EFD chairman Paul Walsh said in a conference call that the company has been approached by strategic partners and financial firms about possible business combinations. Its three options are remaining an independent company, partnering with a private equity firm or other capital source, and merging with a strategic partner, he said.

"We cannot ignore the fact that our industry is changing and the continued consolidation in the financial services market," Walsh said.

EFD provides electronic payment processing, risk management and outsourcing, mainly to banks and other financial institutions.

One of its largest competitors, First Data Corp. of Greenwood Village, Colo., last month accepted a $27 billion buyout offer from equity firm Kohlberg Kravis Roberts & Co.

On the market side, Walsh noted the takeover battle for Dutch bank ABN AMRO Holding N.V.

Others agreed that the sector is hot.

Billion-dollar buyout?

"You can look at it as another billion-dollar buyout," said Kevin Fechtmeyer, managing director of Columbia West Capital LLC, a Scottsdale investment bank not involved with EFD. "There is a huge amount of money out there chasing deals."

Financial bidders for companies have recently had the edge over strategic partners, Fechtmeyer said, and that could be good news for the Valley if EFD is acquired.

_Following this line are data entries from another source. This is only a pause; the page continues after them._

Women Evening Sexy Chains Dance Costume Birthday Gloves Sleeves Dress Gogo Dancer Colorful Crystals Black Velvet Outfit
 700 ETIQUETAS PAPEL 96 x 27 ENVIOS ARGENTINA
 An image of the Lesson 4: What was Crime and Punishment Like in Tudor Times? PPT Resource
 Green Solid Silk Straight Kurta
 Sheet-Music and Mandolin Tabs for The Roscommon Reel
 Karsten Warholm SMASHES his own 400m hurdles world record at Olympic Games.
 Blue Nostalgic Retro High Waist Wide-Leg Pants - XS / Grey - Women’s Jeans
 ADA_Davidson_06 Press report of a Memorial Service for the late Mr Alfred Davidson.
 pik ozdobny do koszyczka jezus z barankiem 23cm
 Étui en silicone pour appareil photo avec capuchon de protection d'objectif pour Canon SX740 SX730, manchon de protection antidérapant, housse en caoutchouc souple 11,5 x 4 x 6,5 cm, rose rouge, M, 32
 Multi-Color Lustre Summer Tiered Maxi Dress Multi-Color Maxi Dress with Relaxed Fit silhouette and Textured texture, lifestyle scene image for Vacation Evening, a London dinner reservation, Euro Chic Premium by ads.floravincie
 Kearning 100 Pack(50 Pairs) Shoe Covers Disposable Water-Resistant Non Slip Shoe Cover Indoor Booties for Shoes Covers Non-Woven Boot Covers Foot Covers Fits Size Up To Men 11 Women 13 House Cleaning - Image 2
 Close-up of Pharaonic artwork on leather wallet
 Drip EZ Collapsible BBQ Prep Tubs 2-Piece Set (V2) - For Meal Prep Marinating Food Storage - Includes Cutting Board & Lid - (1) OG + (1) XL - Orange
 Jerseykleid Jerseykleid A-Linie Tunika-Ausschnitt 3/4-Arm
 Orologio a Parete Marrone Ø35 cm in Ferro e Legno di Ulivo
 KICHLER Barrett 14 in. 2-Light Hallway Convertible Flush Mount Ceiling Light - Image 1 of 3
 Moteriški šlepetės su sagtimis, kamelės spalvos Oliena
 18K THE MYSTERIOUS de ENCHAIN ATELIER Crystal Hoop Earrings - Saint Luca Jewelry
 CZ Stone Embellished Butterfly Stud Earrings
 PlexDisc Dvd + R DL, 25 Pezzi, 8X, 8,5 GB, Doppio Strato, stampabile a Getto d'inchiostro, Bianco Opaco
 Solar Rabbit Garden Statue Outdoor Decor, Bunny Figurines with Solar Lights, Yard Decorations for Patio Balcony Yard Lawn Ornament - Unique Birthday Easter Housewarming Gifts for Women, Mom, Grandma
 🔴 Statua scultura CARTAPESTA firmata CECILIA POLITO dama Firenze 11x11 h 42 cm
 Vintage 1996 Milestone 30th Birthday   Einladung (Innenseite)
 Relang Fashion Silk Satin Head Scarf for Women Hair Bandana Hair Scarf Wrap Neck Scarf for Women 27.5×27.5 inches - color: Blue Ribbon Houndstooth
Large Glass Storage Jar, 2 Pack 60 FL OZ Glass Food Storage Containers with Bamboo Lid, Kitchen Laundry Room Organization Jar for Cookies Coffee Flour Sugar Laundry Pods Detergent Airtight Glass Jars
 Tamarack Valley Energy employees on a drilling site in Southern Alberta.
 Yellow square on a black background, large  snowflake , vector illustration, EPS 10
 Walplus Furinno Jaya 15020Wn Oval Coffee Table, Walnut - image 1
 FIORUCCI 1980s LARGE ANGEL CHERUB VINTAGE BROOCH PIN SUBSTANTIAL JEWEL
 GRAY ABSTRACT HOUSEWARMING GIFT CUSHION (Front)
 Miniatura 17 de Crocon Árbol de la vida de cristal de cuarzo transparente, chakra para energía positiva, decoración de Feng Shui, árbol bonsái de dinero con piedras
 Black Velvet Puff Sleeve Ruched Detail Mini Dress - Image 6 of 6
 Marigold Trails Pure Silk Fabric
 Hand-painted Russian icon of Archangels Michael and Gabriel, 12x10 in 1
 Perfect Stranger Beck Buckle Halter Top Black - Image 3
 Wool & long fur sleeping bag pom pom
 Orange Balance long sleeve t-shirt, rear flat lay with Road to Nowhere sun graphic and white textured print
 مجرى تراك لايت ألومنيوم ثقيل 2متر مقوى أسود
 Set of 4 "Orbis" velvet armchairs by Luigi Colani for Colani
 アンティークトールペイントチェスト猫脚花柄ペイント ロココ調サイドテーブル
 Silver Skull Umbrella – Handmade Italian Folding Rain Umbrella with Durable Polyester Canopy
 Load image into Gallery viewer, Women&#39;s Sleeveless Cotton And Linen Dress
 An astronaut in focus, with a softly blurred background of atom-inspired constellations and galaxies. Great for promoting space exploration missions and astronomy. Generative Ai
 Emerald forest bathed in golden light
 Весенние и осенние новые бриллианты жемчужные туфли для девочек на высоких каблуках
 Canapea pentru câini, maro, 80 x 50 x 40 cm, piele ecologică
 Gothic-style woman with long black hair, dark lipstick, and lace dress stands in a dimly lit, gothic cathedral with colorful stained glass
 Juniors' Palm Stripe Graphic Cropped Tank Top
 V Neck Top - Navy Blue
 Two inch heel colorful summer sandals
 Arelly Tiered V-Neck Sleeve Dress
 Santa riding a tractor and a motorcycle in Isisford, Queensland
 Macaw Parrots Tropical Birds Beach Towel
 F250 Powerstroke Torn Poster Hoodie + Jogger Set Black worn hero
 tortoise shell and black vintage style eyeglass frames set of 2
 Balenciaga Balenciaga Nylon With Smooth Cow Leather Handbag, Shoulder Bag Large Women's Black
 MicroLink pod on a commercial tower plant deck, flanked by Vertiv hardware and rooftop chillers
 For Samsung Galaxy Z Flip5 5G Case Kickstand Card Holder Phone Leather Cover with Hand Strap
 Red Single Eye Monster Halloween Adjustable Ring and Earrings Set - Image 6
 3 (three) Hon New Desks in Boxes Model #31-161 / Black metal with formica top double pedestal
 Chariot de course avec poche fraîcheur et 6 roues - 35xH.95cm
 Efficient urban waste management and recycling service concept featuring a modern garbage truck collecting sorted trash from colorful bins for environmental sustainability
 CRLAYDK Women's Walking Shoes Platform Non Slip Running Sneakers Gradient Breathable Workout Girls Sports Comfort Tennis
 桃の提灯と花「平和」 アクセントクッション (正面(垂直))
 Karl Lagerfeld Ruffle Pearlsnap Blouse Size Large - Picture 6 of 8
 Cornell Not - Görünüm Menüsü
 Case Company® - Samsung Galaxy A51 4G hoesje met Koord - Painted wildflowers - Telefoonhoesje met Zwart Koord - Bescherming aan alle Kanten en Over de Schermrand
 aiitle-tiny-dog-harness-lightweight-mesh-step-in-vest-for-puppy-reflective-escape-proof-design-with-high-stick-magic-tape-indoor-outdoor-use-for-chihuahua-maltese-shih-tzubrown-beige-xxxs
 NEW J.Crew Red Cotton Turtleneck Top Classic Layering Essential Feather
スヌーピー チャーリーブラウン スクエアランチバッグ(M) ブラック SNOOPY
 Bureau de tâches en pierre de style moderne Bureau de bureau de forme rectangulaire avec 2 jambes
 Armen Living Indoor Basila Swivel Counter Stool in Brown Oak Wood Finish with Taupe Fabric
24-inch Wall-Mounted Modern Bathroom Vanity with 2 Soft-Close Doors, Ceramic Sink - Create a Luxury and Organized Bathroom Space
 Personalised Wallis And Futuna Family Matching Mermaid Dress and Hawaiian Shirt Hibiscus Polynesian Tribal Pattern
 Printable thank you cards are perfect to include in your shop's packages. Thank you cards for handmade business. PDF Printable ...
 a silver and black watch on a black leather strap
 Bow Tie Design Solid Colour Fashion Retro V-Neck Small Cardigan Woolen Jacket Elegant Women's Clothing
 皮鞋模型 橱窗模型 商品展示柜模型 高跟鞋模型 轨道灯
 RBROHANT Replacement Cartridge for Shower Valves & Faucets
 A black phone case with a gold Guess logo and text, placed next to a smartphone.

The company operations and managers would be more likely to remain in Arizona than if a rival buys it and cuts costs, Fechtmeyer said.

EFD said its board of directors has formed a review committee to explore all of its options, including potential merger opportunities.

It also said it hired Goldman Sachs & Co. and BlackRock Inc. as independent financial advisers to assist.

EFD said no decision has been made, nor is there any assurance, that a formal proposal will be presented to the board or that the board will approve one. The company said it would not provide updates or comments unless it enters a definitive agreement.

Earnings announced

EFD also reported its net income for the first quarter ended March 31 slipped 1 percent to $10.5 million, or 22 cents a share, from $10.7 million, or 23 cents a share, in the same period a year ago.

Revenue dropped 4 percent, to $134 million from $139.7 million in the same period a year ago, due to contracts that ended in mid-2006.

The company said it expects revenue and earnings for the full year to fall at the lower end of ranges it previously announced.

Revenue is expected to range between $591 million and $631 million, and earnings are projected between $1.30 and $1.42 a share.

EFD moved its headquarters to Scottsdale in 2000 after Deluxe Corp. spun off the firm in an initial public offering. It has nearly 500 employees in the Valley and generated $552 million in revenue last year.

It said in March that it is changing its name to EFD from eFunds Corp. but would go by EFD, eFunds during the transition.